On the outside, entertainment centers closely resemble other wall units. Their deep base cabinets have doors or drawers, or both, and are topped with open shelving units. The middle cabinet typically houses a TV, so it's much wider and deeper than the shelving units that flank it.

Inside, however, you'll find a variety of specialized features. For example, rollout shelves provide easy access to individual electronic components, while adjustable drawer dividers neatly store tapes and CDs. Most also feature slide-back doors that allow an unobstructed view of the TV. Here's how to build your own custom unit using stock cabinets.

Step 1

Install the toekick

Photo by Donna Moser/Alderman Studio

Remove the baseboard molding from the wall where the entertainment center will go. Then install a 3½-inch-high platform (also called a toekick) for the cabinets to sit on. Build the platform out of 2x4s; fasten the parts together with 3-inch drywall screws.

Step 2

Install main utility cabinet

Photo by Donna Moser/Alderman Studio

Saw off the toekick from the bottom of the large utility cabinet. Flip the cabinet upside down so its larger compartment is on top for the TV, then set it onto the center of the platform.

Step 3

Build height

Photo by Donna Moser/Alderman Studio

Next, build up the height of the shelf so its inside surface is flush with

the face frame to make sliding in the TV easy: Cut four or five narrow

plywood strips and lay them equally spaced across the shelf. Then cut a

3/4-in. plywood panel to fit over the strips.

Step 4

Install prefinished skins

Photo by Donna Moser/Alderman Studio

Once you've built up the shelf, cut prefinished plywood skins for the

interior surfaces of the compartment. Glue the skins in place with contact

cement starting with the one that covers the inside top of the cabinet. Then

install the skin along the back, followed by the left- and right-side pieces.

Step 5

Clamp and join units

Photo by Donna Moser/Alderman Studio

Clamp a bookcase unit to a wall cabinet and join the two with a pair of 2½-inch screws driven through the face frames. Spread out a blanket or

moving pad and lay the assembled unit on its side.

Step 6

Apply skins to bookcases

Photo by Donna Moser/Alderman Studio

Cut a plywood skin to span across both cabinets and glue it down with

contact cement. Repeat this step for the other bookcase.

Step 7

Join all units

Photo by Donna Moser/Alderman Studio

Next, place the two assembled bookcase units onto the platform and screw

them to the middle TV cabinet. Again, drive the screws through the face

frames. Also screw down through the bottom of each base cabinet into the

platform below.

Step 8

Stabilize the units

Photo by Donna Moser/Alderman Studio

For added stability, and to prevent the cabinets from tipping forward,

drive a 3-inch screw through the top-rear of each cabinet into a wall stud.

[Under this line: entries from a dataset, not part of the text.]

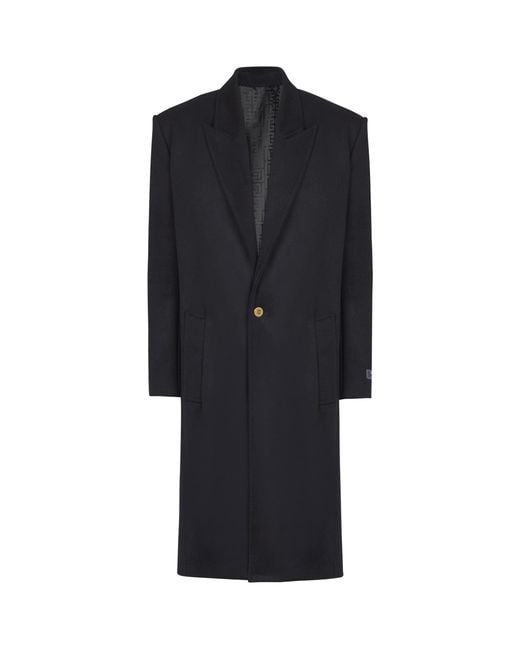 Balmain Blue Wool-Cashmere Overcoat for men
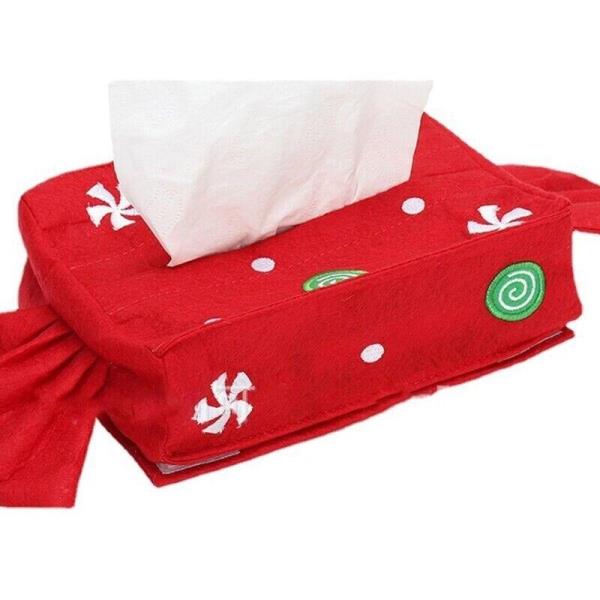 Christmas Red Candy Paper Tissue Box Cover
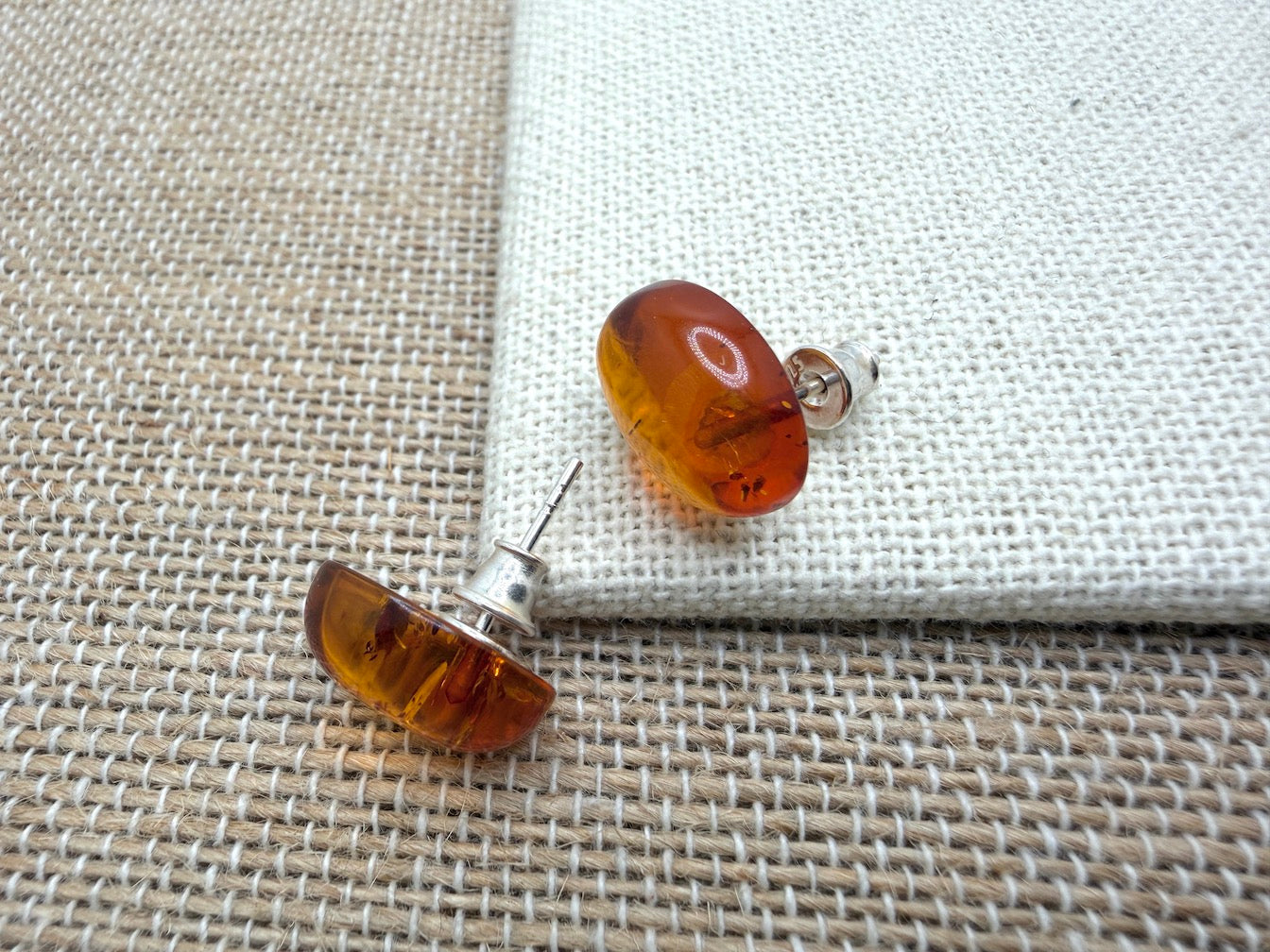 Classic Oval Cognac Amber Stud Earrings in Sterling Silver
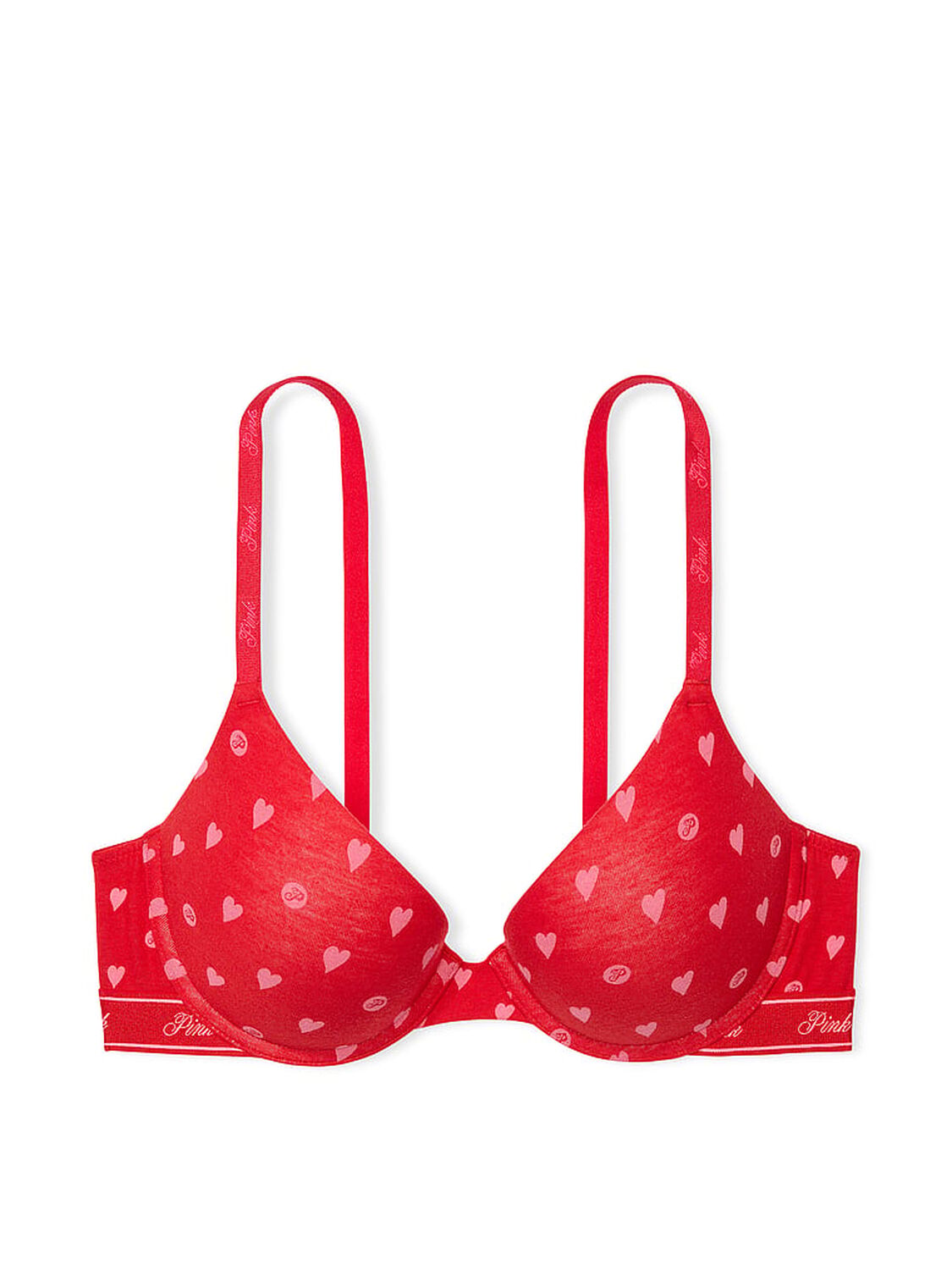 vs Pink Wear Everywhere Wear Everywhere Push-Up Bra Red Heart Dot Print 1 of 3 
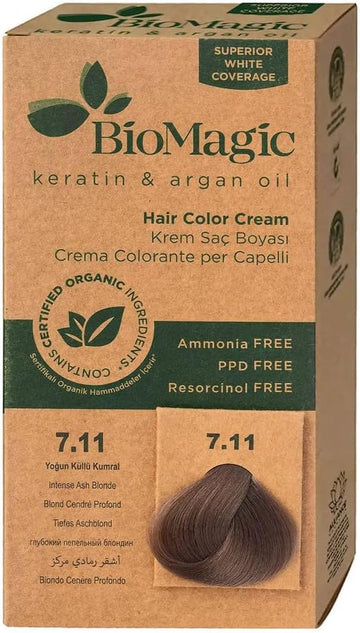 Biomagic Permanent Hair Color, Keratin & Argan Oil Line, Ammonia Free Hair Dye, Contains Certified Organic Ingredients, Hair Coloring For A Natural Look (7.11 Intense Ash Blonde)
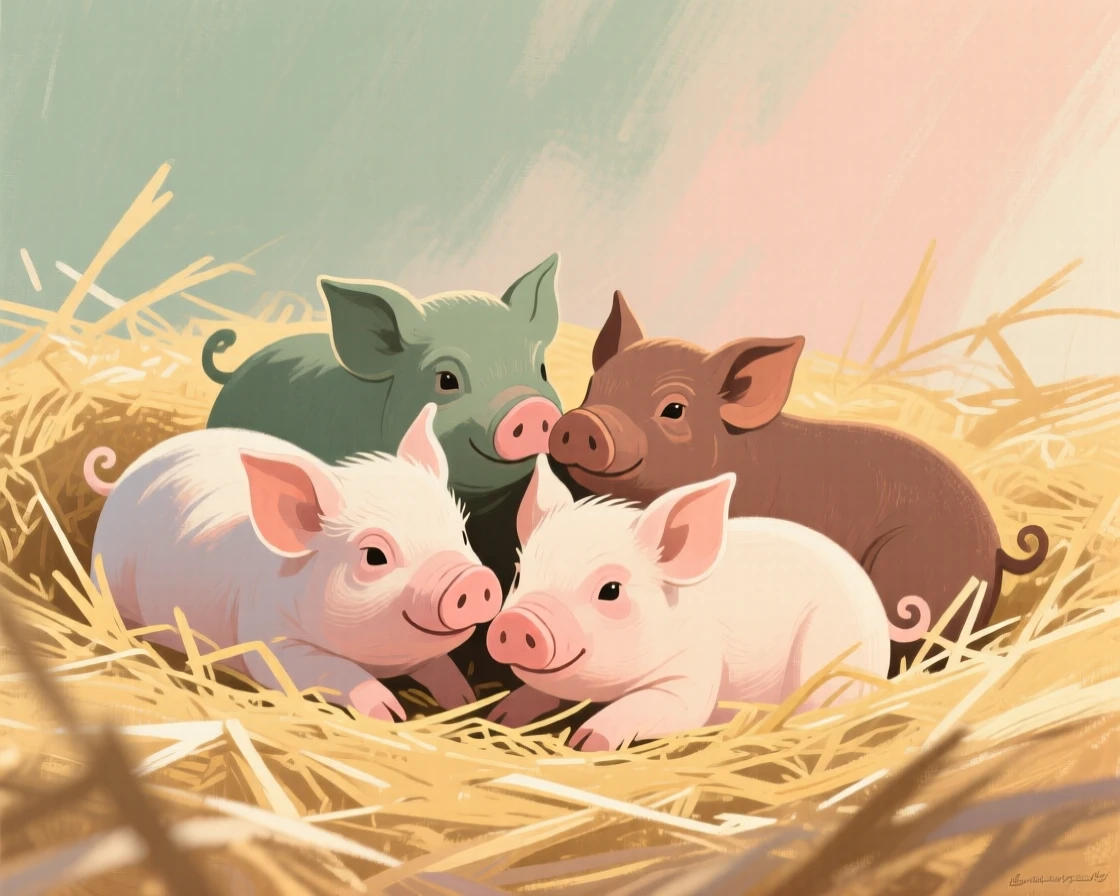 A litter of piglets huddled together in golden straw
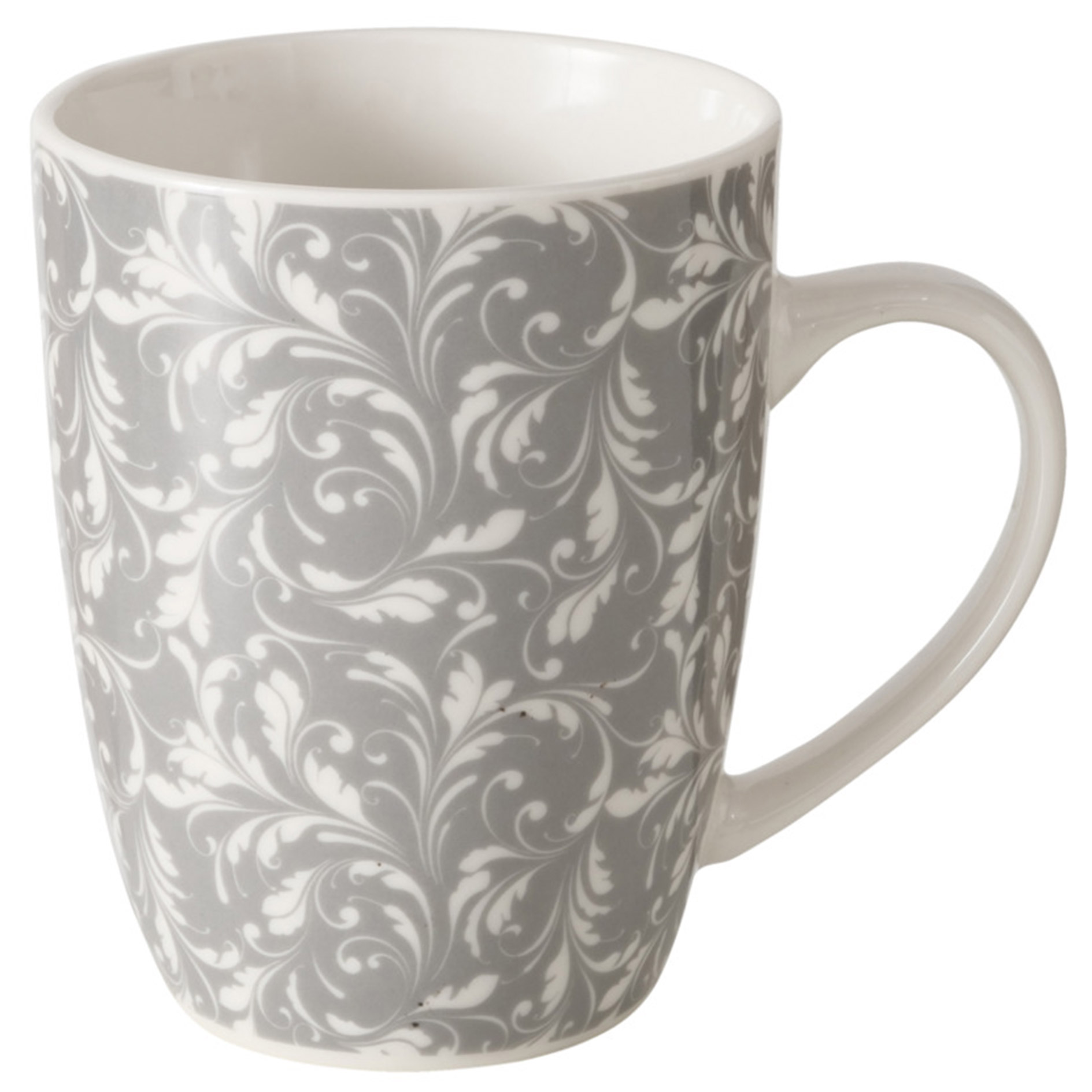 Becher - grau-weiß - Ornament - sortiert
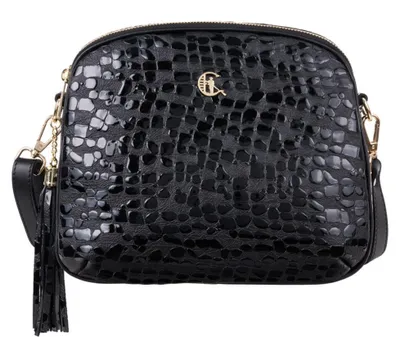 Produktbild von Messenger Bag Handtasche aus echtem Leder mit Tropfeneffekt und Goldakzenten
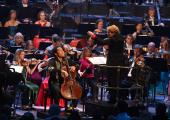 Sheku Kanneh-Mason with Marin Alsop and the BBC Symphony Orchestra at the 2023 Last Night of the Proms. Kanneh-Mason appears this year with brother Braimah and the Fantasia Orchestra in Proms 20 and 22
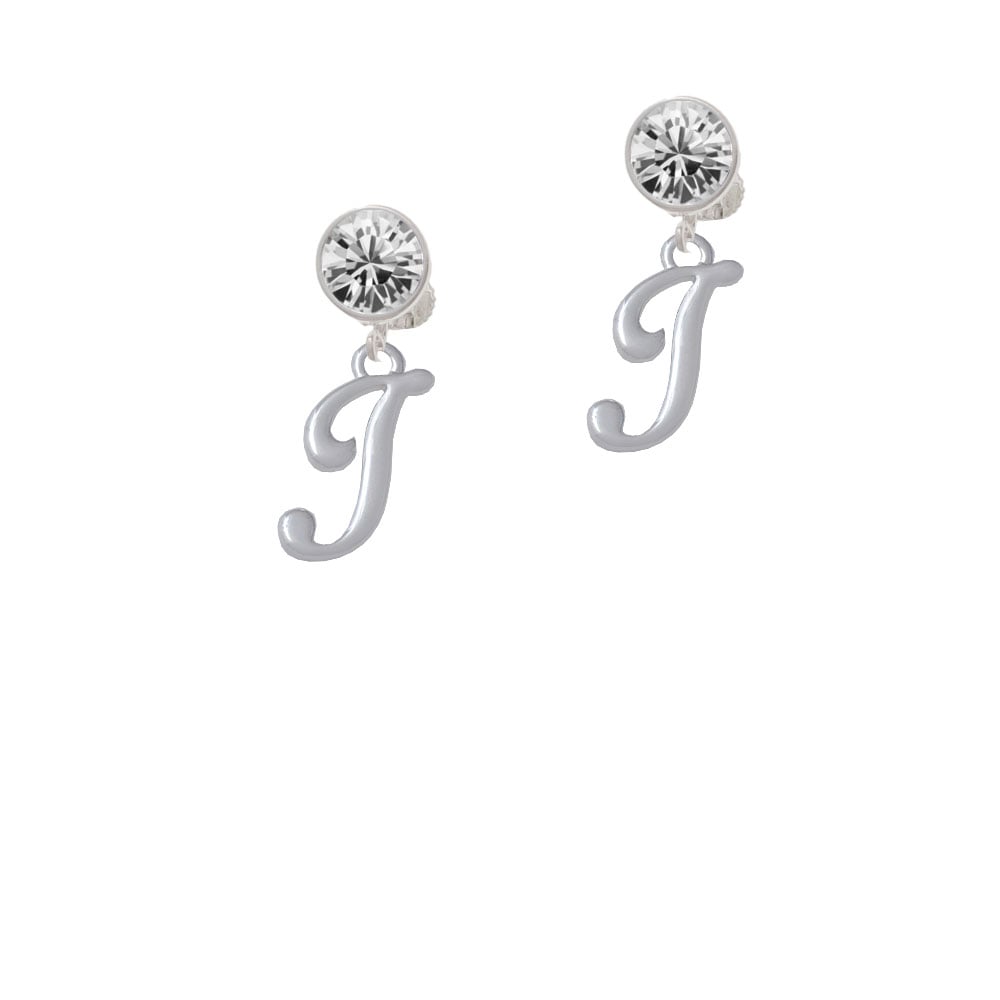 Small Gelato Script Initial - I - Crystal Clip On Earrings Image 1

Be sure that each screw is driven into solid wood, not just wallboard or

plaster. If necessary, slip shims behind the cabinets to keep them plumb

(perfectly vertical).

Step 9

Install hardware

Photo by Donna Moser/Alderman Studio

Once all the cabinets are securely fastened, install the specialty

hardware and decorative trim. Start by screwing the metal tracks that

support the rollout shelves into the bottom half of the TV cabinet. Note

that the front end of each track is fastened to the edge of the cabinet face

frame.

Step 10

Conceal platform

Photo by Donna Moser/Alderman Studio

Next, conceal the exposed platform around the bottom of the cabinets with

baseboard molding, available prefinished from the cabinet manufacturer to

match the cabinets.

Step 11

Finish unit with crown molding

Photo by Donna Moser/Alderman Studio

To install the prefinished crown molding—also available from the

manufacturer— first nail 3/4 x 1-inch wood strips to the tops of the cabinets. Then nail the crown molding to the strips with 1½-inch (4d) finishing nails. Finish up by cutting the old baseboard molding to fit along the wall.